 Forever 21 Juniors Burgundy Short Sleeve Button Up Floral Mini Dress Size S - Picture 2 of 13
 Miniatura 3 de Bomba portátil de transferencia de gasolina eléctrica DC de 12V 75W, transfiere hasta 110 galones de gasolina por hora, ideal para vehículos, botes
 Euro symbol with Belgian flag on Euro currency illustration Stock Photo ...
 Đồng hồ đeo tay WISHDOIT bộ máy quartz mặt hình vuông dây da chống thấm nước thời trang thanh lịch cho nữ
● ● ●
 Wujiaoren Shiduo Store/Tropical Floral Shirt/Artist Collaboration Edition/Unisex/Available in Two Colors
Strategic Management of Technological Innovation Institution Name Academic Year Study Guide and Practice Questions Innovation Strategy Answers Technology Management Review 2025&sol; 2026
● ● ●
> **Work to complete**: Using the data above, extract exactly the lines from the one that holds "Miniatura 3 de" to the one that holds "Đồng hồ đeo", both ends included, and no others.

> **Written solution**:
 Miniatura 3 de Bomba portátil de transferencia de gasolina eléctrica DC de 12V 75W, transfiere hasta 110 galones de gasolina por hora, ideal para vehículos, botes
 Euro symbol with Belgian flag on Euro currency illustration Stock Photo ...
 Đồng hồ đeo tay WISHDOIT bộ máy quartz mặt hình vuông dây da chống thấm nước thời trang thanh lịch cho nữ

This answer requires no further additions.